- Exercise brief: Copy out all the lines of the data precisely, omitting any pictures.

- Given data:
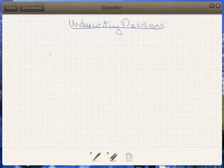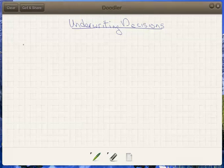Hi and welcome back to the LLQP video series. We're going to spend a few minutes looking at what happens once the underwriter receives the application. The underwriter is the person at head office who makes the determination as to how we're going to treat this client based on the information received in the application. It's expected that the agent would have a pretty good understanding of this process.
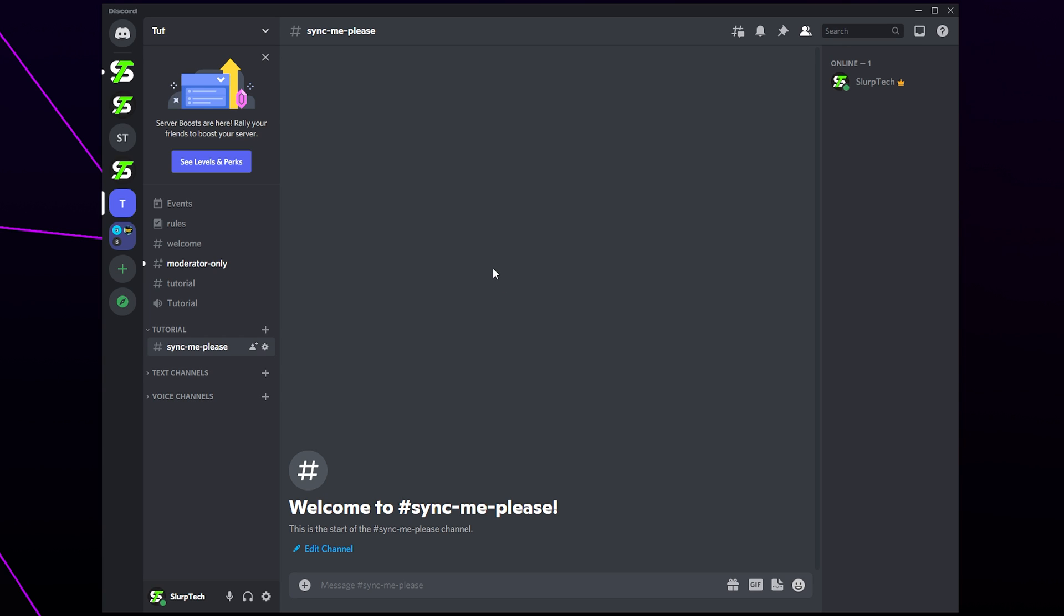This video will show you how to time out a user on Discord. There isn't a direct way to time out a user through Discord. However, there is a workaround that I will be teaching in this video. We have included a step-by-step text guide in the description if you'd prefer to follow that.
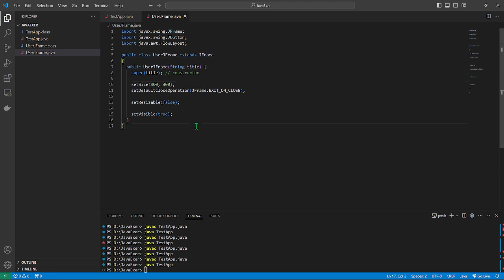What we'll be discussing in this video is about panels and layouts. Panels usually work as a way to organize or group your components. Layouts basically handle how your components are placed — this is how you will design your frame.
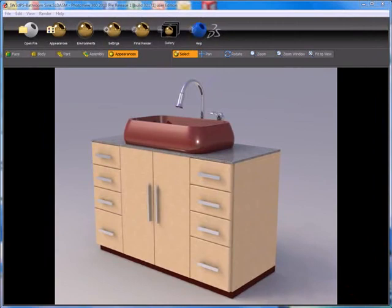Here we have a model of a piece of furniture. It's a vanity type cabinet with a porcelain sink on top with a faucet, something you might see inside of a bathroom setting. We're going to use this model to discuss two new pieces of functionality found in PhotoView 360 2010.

- Written response:
Hi and welcome back to the LLQP video series. We're going to spend a few minutes looking at what happens once the underwriter receives the application. The underwriter is the person at head office who makes the determination as to how we're going to treat this client based on the information received in the application. It's expected that the agent would have a pretty good understanding of this process.
This video will show you how to time out a user on Discord. There isn't a direct way to time out a user through Discord. However, there is a workaround that I will be teaching in this video. We have included a step-by-step text guide in the description if you'd prefer to follow that.
What we'll be discussing in this video is about panels and layouts. Panels usually work as a way to organize or group your components. Layouts basically handle how your components are placed — this is how you will design your frame.
Here we have a model of a piece of furniture. It's a vanity type cabinet with a porcelain sink on top with a faucet, something you might see inside of a bathroom setting. We're going to use this model to discuss two new pieces of functionality found in PhotoView 360 2010.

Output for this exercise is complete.